Bu yakınlaşma İngiliz siyasetinin etkili olduğu Hindistan'da elbette hoş karşılanmadı. Bunun üzerine ekonomik daralma Modi Hükümetini iyice hedef tahtasına koydu. 2017'nin sonlarında Modi'nin Hindistan Halk Partis (BJP) yerel seçimlerde ciddi yara aldı. Hindistan dış siyasetinde ABD+İsrail yakınlaşması Modi hükümetini alan açsa da; İç politika da ekonomik ve siyasi nedenlerden ötürü Modi ve BJP ciddi prestij kaybı yaşıyor. Modi ve BJP'ye kırsal da çiftçiler, şehirlerde işçi ve orta sınıf ve tüccarlar yoğun eleştiriler getiriyor. Hindu Milliyetçisi ve muhafazakar sağcı olarak bilinen BJP ve Modi, bu yıl yapılacak seçimleri kaybedebilir. Nitekim Modi, son yapılan eyalet seçimlerinde, milliyetçilerin yoğun olduğu eyaletlerde bile başarısız oldu.Ancak, ülke genelinde halen başat aktör ve birinci parti olmayı sürdürüyor. Britanya ise Modi'nin geliştirdiği bu dış politika paradigma değişiminden rahatsız.

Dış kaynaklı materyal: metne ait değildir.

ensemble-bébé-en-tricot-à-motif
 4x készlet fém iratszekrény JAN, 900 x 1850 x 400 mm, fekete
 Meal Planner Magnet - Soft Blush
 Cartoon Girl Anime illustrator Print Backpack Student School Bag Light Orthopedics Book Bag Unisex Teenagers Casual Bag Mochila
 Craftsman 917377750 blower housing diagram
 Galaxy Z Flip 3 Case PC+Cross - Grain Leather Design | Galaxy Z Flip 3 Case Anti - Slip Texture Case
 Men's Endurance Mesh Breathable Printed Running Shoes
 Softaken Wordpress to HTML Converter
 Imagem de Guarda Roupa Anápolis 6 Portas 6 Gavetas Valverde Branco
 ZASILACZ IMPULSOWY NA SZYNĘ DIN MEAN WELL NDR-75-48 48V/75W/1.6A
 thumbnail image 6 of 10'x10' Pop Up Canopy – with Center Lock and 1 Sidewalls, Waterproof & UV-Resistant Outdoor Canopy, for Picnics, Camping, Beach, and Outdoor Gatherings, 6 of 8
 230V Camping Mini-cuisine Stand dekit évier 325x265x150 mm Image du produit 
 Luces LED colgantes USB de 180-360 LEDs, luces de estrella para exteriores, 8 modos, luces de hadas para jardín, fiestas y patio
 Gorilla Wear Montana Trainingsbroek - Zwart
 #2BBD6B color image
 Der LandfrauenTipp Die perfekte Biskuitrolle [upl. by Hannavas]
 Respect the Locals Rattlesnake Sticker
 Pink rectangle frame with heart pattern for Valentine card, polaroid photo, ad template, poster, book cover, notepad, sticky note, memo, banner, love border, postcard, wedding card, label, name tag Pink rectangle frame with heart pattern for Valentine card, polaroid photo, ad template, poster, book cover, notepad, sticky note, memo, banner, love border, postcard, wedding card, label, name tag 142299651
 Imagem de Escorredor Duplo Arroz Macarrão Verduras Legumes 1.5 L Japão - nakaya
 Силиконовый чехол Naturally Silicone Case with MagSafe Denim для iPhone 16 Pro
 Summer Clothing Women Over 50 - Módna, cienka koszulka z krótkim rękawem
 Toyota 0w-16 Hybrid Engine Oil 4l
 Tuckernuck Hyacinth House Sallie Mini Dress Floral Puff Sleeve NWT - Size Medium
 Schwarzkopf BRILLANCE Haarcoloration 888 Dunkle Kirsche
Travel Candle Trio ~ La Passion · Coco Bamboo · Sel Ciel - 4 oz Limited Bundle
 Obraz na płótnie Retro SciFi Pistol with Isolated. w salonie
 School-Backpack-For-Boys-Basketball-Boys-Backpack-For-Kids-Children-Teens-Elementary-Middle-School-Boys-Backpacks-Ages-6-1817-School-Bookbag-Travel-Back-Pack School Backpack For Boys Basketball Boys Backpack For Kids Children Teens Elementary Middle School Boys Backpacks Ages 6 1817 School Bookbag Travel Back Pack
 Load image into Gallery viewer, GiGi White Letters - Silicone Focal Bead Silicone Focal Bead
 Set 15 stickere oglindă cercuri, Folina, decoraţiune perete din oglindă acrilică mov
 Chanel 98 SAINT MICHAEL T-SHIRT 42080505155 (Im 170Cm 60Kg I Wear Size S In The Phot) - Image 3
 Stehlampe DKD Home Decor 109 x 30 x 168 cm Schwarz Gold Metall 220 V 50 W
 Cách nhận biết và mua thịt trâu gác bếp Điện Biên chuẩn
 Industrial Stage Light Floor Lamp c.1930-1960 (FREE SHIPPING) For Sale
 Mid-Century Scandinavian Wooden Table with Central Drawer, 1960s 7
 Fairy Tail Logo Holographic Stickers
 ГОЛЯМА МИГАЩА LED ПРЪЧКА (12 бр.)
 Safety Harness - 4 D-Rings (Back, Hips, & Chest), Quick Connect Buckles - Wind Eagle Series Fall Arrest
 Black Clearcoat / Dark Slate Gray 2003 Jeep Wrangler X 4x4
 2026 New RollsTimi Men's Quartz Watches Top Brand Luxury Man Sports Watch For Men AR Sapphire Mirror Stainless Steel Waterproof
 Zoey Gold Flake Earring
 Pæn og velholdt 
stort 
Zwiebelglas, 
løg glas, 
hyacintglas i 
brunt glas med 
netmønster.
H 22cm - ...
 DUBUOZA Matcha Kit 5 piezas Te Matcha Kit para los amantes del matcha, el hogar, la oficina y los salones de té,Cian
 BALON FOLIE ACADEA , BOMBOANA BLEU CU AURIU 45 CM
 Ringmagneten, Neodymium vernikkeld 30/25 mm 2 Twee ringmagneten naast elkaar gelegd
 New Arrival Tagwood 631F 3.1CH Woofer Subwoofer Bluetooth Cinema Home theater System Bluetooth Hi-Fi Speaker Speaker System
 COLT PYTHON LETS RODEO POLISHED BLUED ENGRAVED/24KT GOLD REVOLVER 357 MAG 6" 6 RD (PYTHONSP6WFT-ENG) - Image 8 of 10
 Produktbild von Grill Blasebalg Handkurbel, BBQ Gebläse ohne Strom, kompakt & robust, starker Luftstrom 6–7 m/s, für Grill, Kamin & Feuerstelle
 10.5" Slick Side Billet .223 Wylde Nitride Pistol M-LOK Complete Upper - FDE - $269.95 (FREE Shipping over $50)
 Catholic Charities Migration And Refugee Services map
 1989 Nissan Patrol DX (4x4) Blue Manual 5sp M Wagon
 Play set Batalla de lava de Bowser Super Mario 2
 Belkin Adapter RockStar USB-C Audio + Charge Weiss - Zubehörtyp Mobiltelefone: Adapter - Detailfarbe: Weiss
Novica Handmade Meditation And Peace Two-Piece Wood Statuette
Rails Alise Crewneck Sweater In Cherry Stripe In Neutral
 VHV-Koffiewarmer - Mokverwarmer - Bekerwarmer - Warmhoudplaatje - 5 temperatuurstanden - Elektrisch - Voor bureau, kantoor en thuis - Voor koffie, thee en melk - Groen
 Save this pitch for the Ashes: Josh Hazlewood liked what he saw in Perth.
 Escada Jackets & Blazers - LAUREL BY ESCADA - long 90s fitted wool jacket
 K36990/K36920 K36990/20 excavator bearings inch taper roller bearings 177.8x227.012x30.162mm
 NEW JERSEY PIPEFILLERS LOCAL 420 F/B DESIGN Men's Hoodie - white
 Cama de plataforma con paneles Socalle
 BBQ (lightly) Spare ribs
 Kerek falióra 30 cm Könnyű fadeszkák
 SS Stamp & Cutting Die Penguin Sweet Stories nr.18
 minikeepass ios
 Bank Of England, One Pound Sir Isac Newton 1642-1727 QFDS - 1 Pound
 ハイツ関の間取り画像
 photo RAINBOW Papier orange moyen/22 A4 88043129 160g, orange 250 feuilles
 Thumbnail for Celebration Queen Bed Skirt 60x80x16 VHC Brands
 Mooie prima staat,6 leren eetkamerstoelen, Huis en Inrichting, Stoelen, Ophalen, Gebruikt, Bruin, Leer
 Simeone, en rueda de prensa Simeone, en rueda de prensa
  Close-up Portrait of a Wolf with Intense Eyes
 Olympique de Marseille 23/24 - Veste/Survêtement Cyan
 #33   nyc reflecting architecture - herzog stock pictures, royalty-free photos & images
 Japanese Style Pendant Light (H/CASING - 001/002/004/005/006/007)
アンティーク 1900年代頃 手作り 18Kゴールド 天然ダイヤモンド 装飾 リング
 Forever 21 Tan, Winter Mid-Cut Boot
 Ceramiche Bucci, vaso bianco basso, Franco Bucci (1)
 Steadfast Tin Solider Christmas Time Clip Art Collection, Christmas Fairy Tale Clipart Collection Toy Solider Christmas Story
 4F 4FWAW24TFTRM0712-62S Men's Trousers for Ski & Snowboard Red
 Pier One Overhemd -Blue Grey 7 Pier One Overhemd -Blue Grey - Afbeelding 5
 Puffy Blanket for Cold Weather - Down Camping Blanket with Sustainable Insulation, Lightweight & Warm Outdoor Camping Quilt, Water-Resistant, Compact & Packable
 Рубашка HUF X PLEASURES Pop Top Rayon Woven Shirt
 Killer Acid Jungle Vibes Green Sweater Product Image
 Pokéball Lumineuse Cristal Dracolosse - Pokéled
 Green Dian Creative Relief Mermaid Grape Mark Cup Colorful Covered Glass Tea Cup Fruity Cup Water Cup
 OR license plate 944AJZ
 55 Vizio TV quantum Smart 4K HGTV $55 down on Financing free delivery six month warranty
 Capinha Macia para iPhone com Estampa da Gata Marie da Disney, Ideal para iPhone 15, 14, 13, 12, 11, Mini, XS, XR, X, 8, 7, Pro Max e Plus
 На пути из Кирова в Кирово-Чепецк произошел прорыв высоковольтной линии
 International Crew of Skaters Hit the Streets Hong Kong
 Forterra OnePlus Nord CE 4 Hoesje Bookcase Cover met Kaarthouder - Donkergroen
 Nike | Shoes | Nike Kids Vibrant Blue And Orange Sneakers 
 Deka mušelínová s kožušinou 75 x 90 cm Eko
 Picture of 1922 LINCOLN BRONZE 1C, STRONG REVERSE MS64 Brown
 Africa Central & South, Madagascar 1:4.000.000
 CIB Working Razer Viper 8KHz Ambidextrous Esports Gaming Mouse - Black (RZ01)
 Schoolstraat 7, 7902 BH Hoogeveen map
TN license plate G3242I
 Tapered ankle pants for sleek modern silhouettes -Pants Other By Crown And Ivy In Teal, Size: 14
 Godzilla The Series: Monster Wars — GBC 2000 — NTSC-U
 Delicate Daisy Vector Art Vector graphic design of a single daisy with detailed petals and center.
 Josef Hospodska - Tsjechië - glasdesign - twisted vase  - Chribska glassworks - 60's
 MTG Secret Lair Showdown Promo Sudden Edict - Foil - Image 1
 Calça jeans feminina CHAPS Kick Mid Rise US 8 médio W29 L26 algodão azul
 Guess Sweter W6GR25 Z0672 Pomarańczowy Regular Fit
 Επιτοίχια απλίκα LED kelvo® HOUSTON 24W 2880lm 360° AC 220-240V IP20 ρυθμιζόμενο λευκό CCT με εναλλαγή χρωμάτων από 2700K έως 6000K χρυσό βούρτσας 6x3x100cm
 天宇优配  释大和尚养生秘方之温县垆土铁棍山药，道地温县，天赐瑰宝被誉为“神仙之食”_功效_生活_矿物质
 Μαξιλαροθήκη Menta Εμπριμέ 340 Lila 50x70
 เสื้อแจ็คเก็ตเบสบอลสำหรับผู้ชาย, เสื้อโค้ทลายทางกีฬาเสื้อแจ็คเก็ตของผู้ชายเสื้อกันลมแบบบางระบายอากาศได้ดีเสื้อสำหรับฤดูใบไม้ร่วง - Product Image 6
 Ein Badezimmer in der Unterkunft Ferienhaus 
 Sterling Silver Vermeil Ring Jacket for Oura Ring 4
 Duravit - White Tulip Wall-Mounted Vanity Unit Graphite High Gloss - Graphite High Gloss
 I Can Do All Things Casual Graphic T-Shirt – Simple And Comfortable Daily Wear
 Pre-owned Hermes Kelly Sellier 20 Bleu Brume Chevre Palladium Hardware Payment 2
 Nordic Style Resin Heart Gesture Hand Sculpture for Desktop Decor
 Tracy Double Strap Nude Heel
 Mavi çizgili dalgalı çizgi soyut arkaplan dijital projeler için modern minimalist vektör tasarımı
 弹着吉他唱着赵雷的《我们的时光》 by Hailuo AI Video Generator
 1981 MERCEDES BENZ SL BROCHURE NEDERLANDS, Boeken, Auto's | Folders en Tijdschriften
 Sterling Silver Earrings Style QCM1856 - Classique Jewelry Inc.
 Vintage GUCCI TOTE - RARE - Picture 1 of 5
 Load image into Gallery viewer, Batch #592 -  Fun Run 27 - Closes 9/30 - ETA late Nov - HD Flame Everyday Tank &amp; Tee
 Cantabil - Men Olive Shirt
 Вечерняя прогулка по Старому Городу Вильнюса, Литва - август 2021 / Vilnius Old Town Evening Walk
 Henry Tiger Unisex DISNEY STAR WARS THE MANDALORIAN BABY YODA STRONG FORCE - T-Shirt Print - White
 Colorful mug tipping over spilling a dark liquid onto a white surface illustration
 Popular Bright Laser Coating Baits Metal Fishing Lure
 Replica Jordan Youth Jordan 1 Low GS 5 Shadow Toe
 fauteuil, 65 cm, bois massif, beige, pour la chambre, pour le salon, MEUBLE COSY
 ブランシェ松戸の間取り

Tüm bu denklem içerisinde Pakistan ve Hindistan arasında devam eden Keşmir Krizi, aslında bir ABD-İngiliz krizidir. Hindu milliyetçisi Modi'nin zayıflayan iktidarı, son bir haftada yaşanan Keşmir krizinin neden olduğu milliyetçi dalgadan ötürü Modi prestijini artırmış durumda. Nitekim Pakistan-Hindistan krizinde itidal çağrısını Pakistan ve İmran Khan yaparken, krizi artırmak isteyen ve konuyu abartanların Hindistan ve Modi taraftarları olması analizimizin seyrini ve doğruluğunu da gösteriyor. Sonuç olarak 'kontrollü bir kriz/çatışma'nın Hindistan genel seçimlerine kadar süreceğini düşünmekle birlikte İngiliz siyasetinin Hindistan'da bir siyasi ve ekonomik kaosu hazırladığını da görmek gerekir.Çünkü Modi ve BJP, genel seçimleri belki kazanır ama tek başına iktidar olması zor. Ekonomik kriz, bir koalisyon hükümetine doğru itiyor. ABD ve İsrail aksı; krizi tırmandıracak söylem ve tutumla Pakistan İmran Khan hükümetini IMF politikalarına mecbur bırakmak aynı zamanda Milliyetçi Modi hükümetine, genel seçim öncesi destek vermek istiyor.Böylelikle Modi karşıtı İngiliz siyasi ve ekonomik bloğun yükselişine engellemek, Pakistan'daki İmran Khan İngiliz destekli siyaseti ekonomi temelinde sıkıştırmak istiyor. Son olarak Suud Veliaht Prens Selman'ın Pakistan ziyareti, sadece İran'a uygulanan petrol ambargosunda Pakistan'a Pazar açmaktan ziyade; ABD'nin öncül bir süvarisi gibi Pakistan'a karşı siyasi ve ekonomik basıncı artırma hamlesidir.